┌──
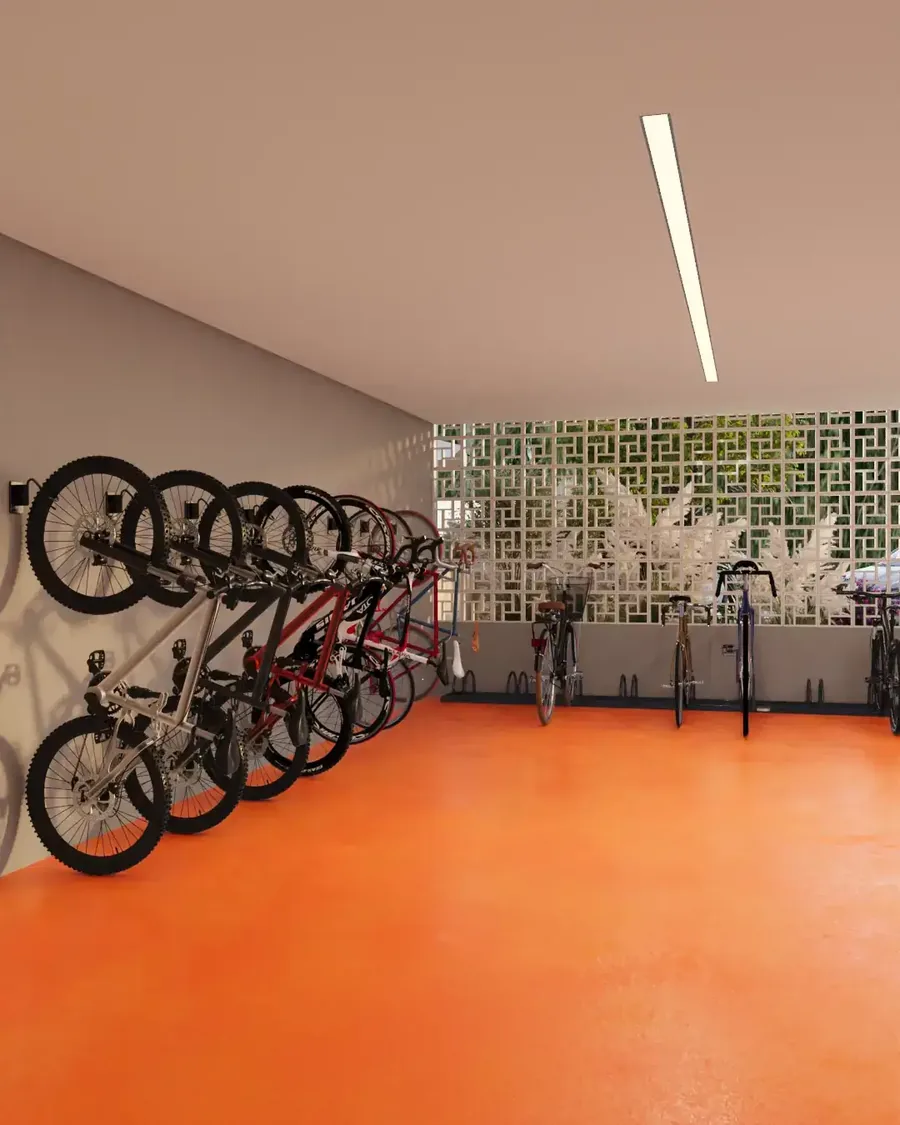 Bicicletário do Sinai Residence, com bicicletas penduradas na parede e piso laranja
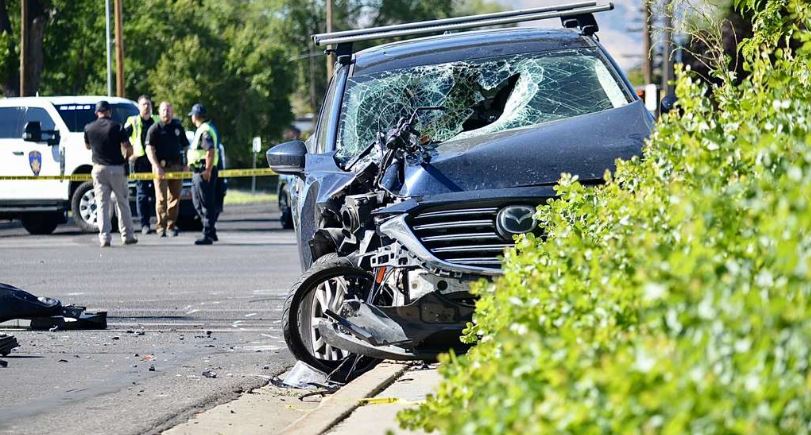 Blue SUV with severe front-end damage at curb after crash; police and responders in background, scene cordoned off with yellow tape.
└──
┌──
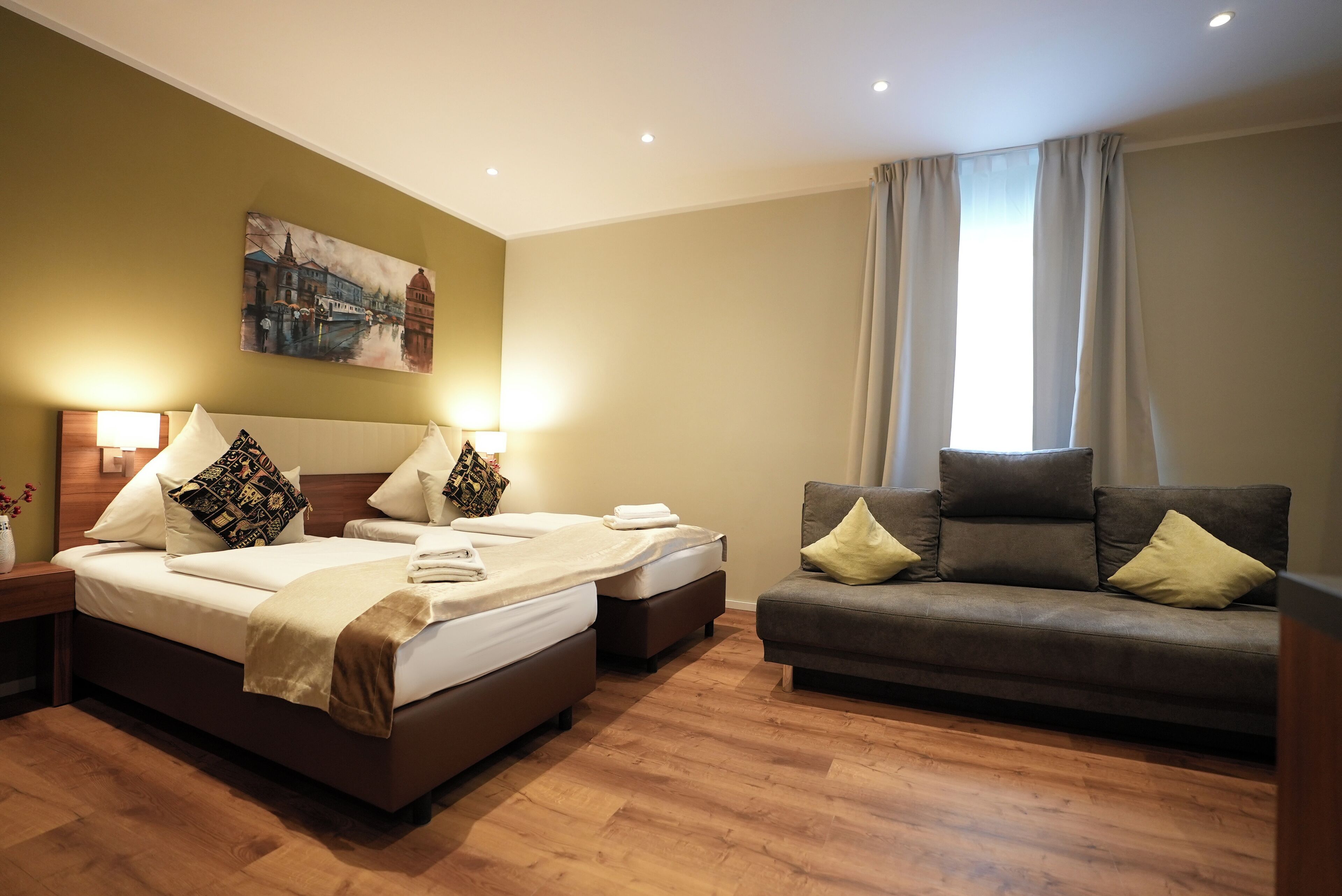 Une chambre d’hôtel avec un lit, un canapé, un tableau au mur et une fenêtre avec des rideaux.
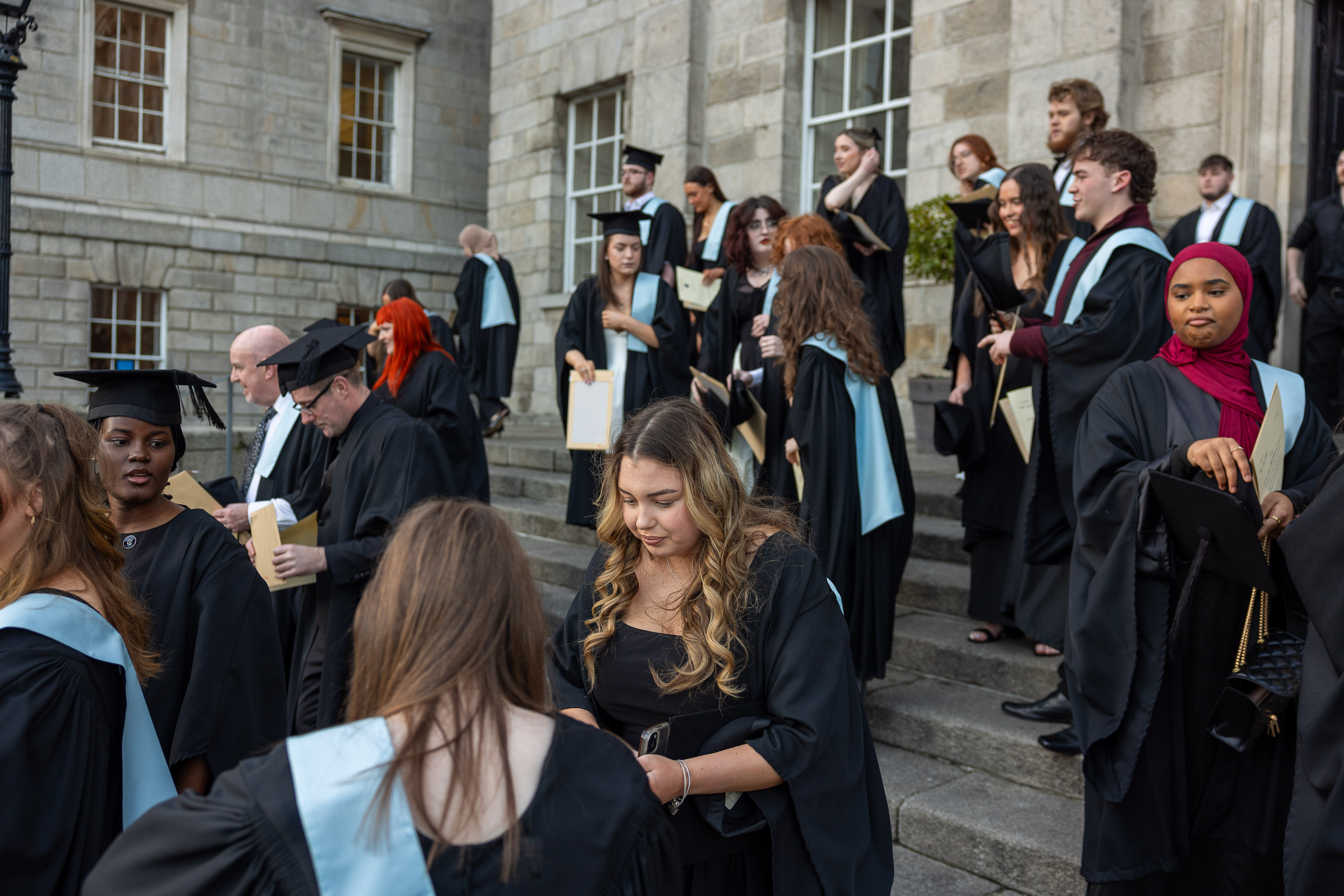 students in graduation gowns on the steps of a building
└──
*BRIEF*:
Leaving out each picture, repeat exactly the lines above from the one that contains "Une chambre d’hôtel" through the one that contains "students in graduation".

*OUTPUT BELOW*:
 Une chambre d’hôtel avec un lit, un canapé, un tableau au mur et une fenêtre avec des rideaux.
 students in graduation gowns on the steps of a building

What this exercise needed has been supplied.